У Святослава потихоньку стали продвигаться дела. Он не был одинок в своих усилиях — таких не подлежащих мобилизации бельгийцев оказалось немало. Так что в конце концов специально для добровольцев создали противовоздушную территориальную гвардию, ПТГ, состоявшую из нескольких батарей. Святослав очутился в казармах в Эттербеке, где и познакомился с друзьями-ополченцами из первой бригады ПТГ.
Их было пятьдесят восемь человек самых разных профессий: ювелир, астроном, два адвоката, депутат, несколько инженеров. Бедный сержант, приставленный к необычным новобранцам для обучения, не успевал приходить в себя от удивления. Например, изложив довольно подробно принцип действия телеметра, он спросил, может ли кто-нибудь хотя бы в самых общих чертах повторить его объяснение. И астроном тут же прочел блестящую лекцию по оптике, да так, что у сержанта челюсть отвисла. Зато разобрать и собрать пулемет этот лектор так никогда и не сумел.

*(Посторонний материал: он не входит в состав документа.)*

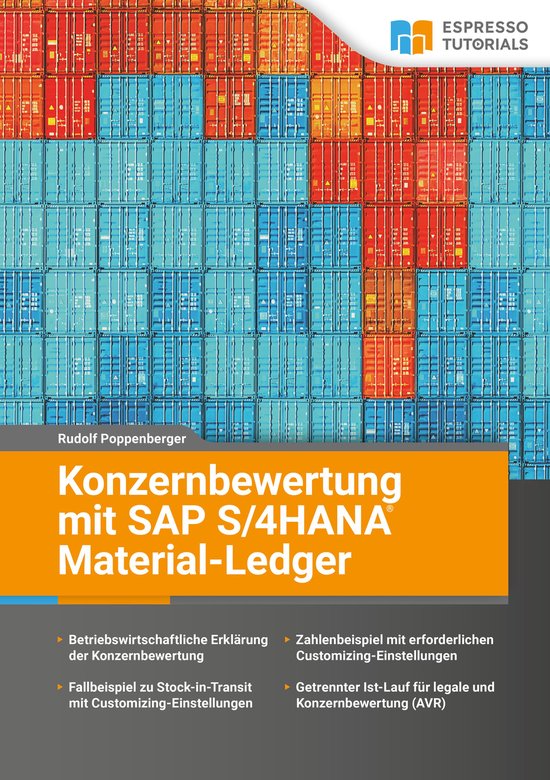 Konzernbewertung mit SAP S/4HANA Material-Ledger - cover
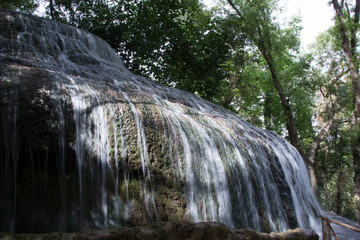 Waterfall Monasterio de piedra in Spain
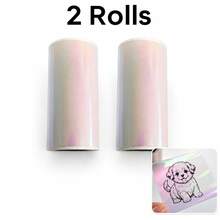 Pearlescent Film Transpraent Instant Print Thermal Photo Paper, Transparent Self-Adhesive Thermal Paper For Mini Printers, Compatible With Most Thermal Mini Error Printing Printers - View 13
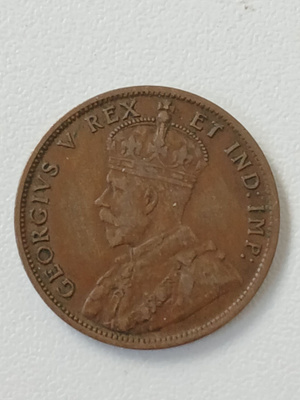 Kanadan 1 sentin kolikko 1911 King George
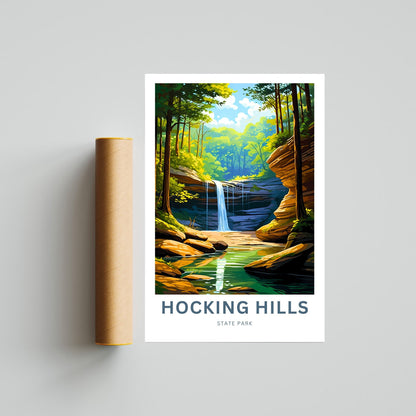 Hocking Hills Travel Poster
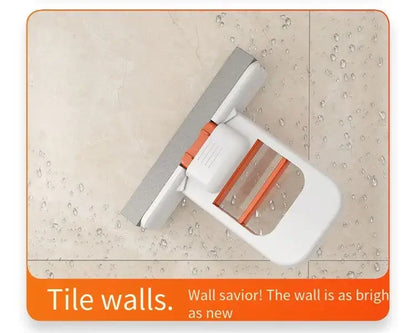 Foldable Handheld Sponge Mop – Portable Wet & Dry Dual-Use Mini Floor Cleaner with Self-Squeeze Design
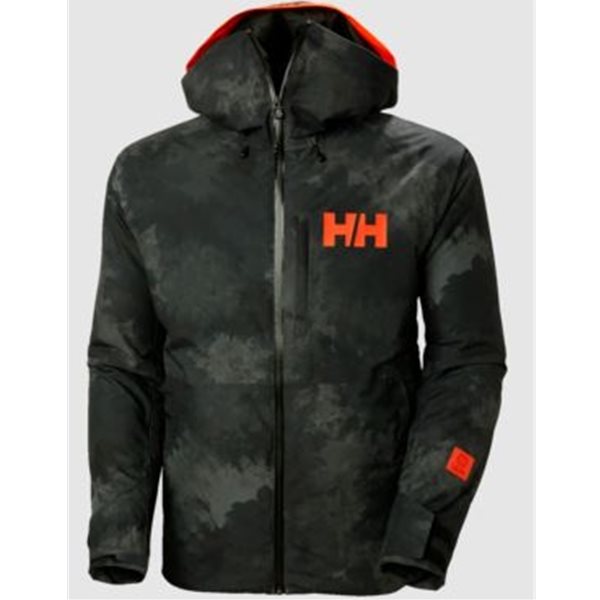 Helly Hansen Powderface Jacket Black Marble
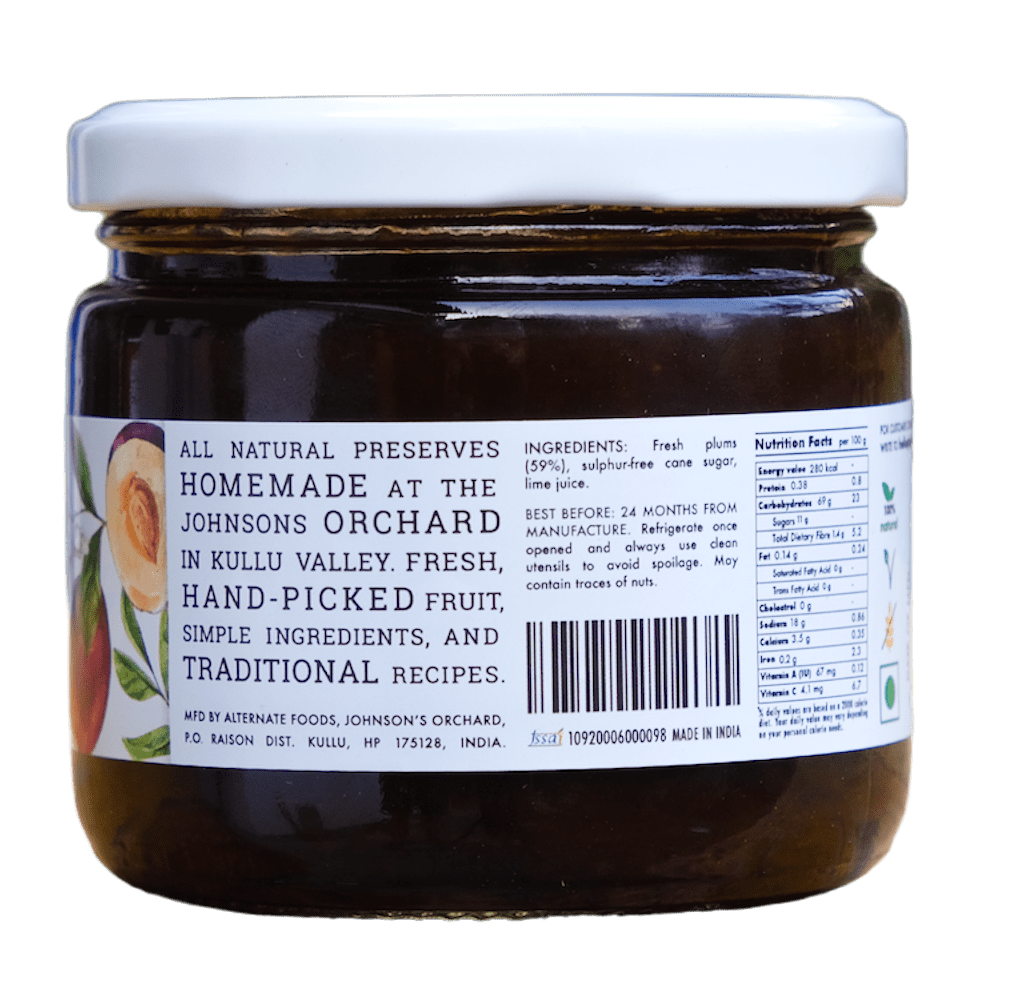 Plum Jam 300g - Big Bear Farms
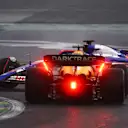 SAO PAULO, BRAZIL - NOVEMBER 03: Liam Lawson of New Zealand driving the (30) Visa Cash App RB VCARB 01 and Oscar Piastri of Australia driving the (81) McLaren MCL38 Mercedes crash during the F1 Grand Prix of Brazil at Autodromo Jose Carlos Pace on November 03, 2024 in Sao Paulo, Brazil. (Photo by Mark Thompson/Getty Images)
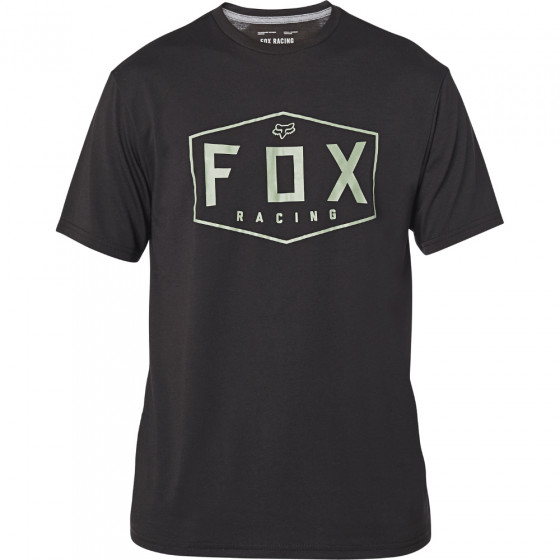Pánské triko Fox Crest Ss Tech Tee Black/Green 2X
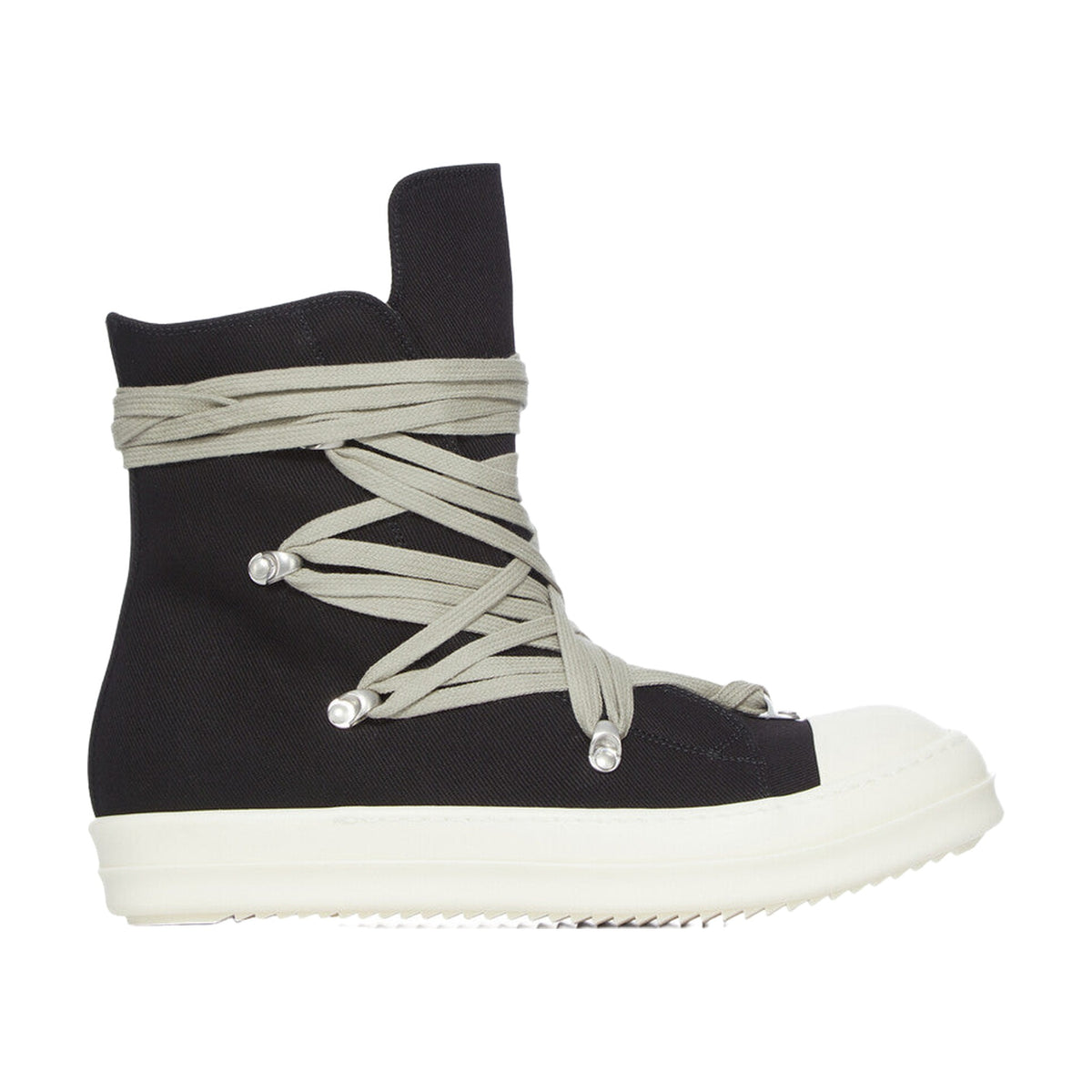 Rick Owens Lace-Up High Canvas - Black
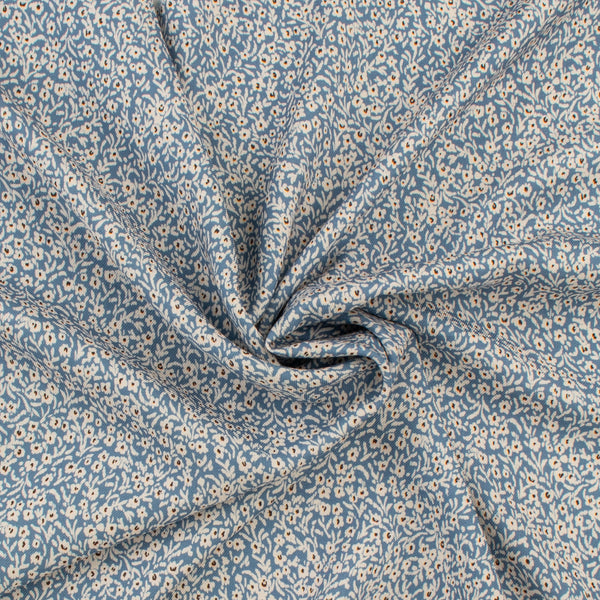 Rayon Twill Print - MANCHESTER - 003 - Blue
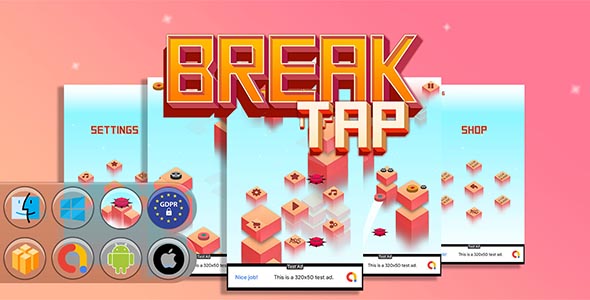 Break Tap Game Template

Правда, Святослав уже имел военную подготовку: он до семнадцати лет учился в Донском кадетском корпусе, созданном после гражданской войны на территории Югославии, получив по его окончании степени бакалавра и магистра. Гвардейцам ПТГ выдали лишь часть обмундирования: каску, френч, полицейский картуз, — так что сверху до пояса они выглядели военными, а остальная одежда оставалась гражданской. И когда 18 мая все пятьдесят восемь новобранцев собрались в казарме, на них были вполне штатские белые рубашки, пестрые галстуки, обычные туфли и брюки. В казарму они являлись для инструктажа только по воскресеньям, в остальные дни жили дома, занимаясь каждый своим делом.
Париж тем временем продолжал беззаботное существование. Враг с места не двигался, и союзники не думали наступать.
Однажды я отправилась с находившимся в увольнении Андре Маршалом, выглядевшим в своей форме на удивление цивильно (хотя самое странное впечатление в этом отношении производил несомненно Мане Кац: худенький, он буквально болтался в обмундировании, а седые волосы в беспорядке выбивались из-под форменной фуражки), в Монруж, в студию Франсиса Грюбера. До этого мне не приходилось видеть живопись Грюбера, и я была просто потрясена его картинами: темные краски, ломаные линии, что вполне соответствовало внешнему облику художника, хотя по натуре он оказался скорее жизнелюбцем. Работы его были безусловно талантливы, но избави Бог иметь их дома.